Unicode has U+200B ZERO WIDTH SPACE for that purpose. In HTML and hence Markdown you can also use `<wbr>`. If you’re using a custom setup anyway, you can have it be inserted automatically by regex replacement, as a pre-rendering step.

I think you’ve misunderstood something? This is about suppressing the turning of a segment break into a space, not about line break opportunities.

> Unicode has U+200B ZERO WIDTH SPACE for that purpose.

ZWSP is not at all “for that purpose”. If you mean this:

  A—&ZeroWidthSpace;
  B
Well, I am mildly surprised to find that no extra space is added in Gecko or Blink. But in WebKit, a space is still added; for this is part of the “UA-defined” bit I quoted.

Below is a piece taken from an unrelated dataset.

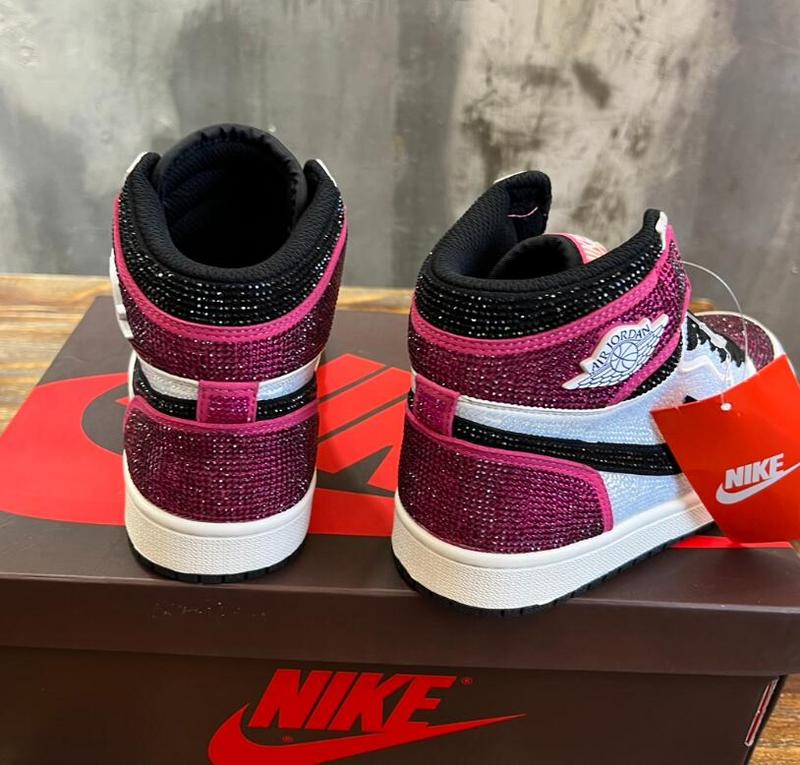SAMC - NKE Shoes - 444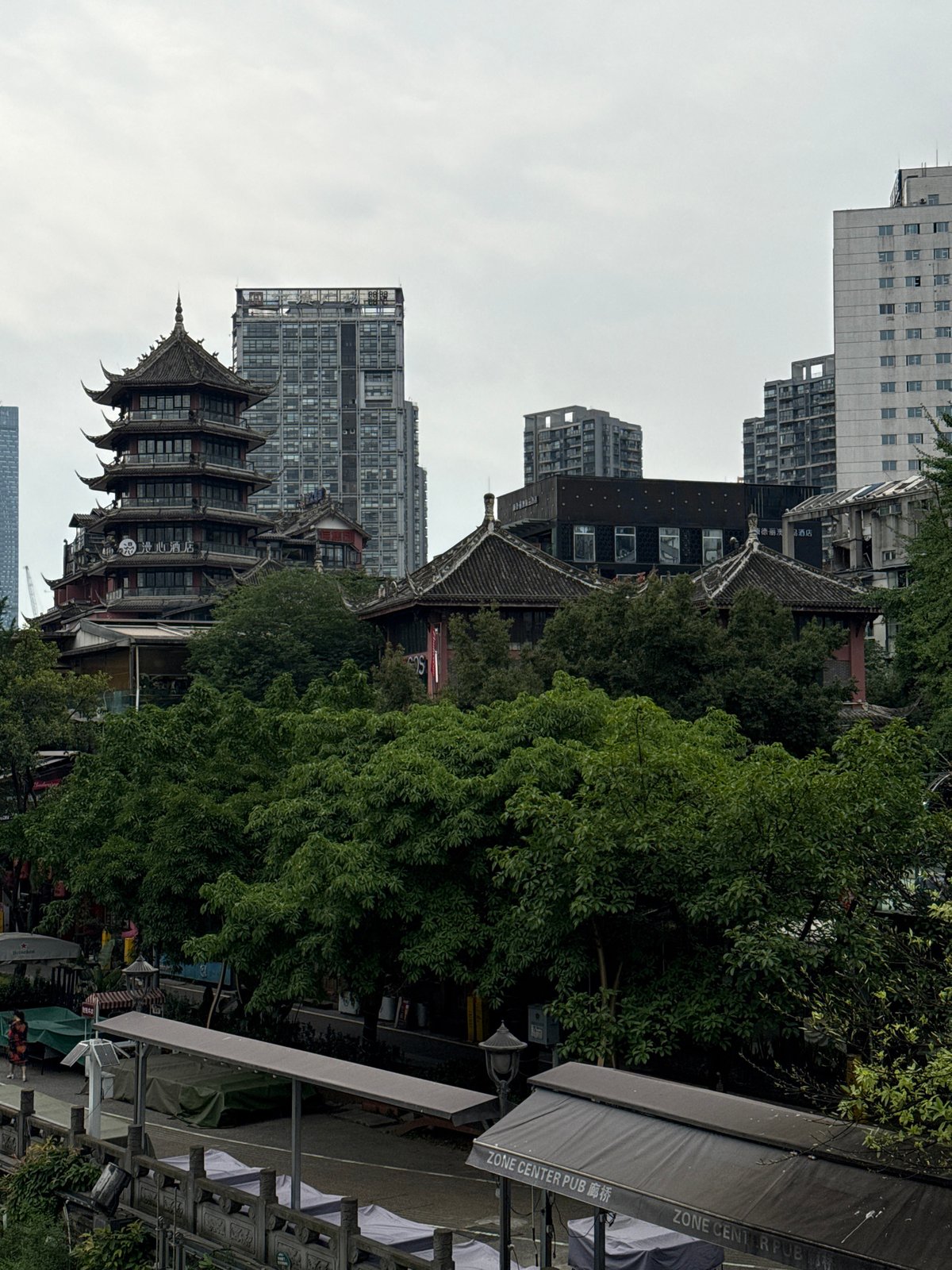 Late night urban scenes captured in Chengdu's Wuhou District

And if you’re willing to do preprocessing, you can just merge the lines, that’d actually work.

> In HTML and hence Markdown you can also use `<wbr>`.

I fail to see how <wbr> is relevant.

Indeed, I skimmed a bit and misread “unable to break” to mean that you wanted a line-break opportunity but the renderer didn’t allow for it when a letter is directly following an em dash. But it’s the other way around, you want a line break in the source after an em dash to not translate into a space in the rendering. This would likewise be possible to handle by regex replacement as a pre-rendering step.

More generally, I see markup languages and the details of how they are rendered as largely orthogonal. You don’t necessarily need to invent a different markup language in order to adjust the rendering.

> More generally, I see markup languages and the details of how they are rendered as largely orthogonal. You don’t necessarily need to invent a different markup language in order to adjust the rendering.

There’s not much to a markup language beyond how it’s rendered. If you don’t ever want to render it to something other than plain text, just write plain text however you desire. The reason for choosing a particular markup language is to express intended semantics (for plain-text and rendered use), and to render it. The semantics aspect is legitimate, so I won’t say the language and rendering are identical or parallel, but they’re definitely nothing like orthogonal. If you’re using a CommonMark pipeline, any preprocessing you do means you’re not actually writing in CommonMark, but an incompatible variant of it. You may well deem it worthwhile, but it’s no longer the same markup language.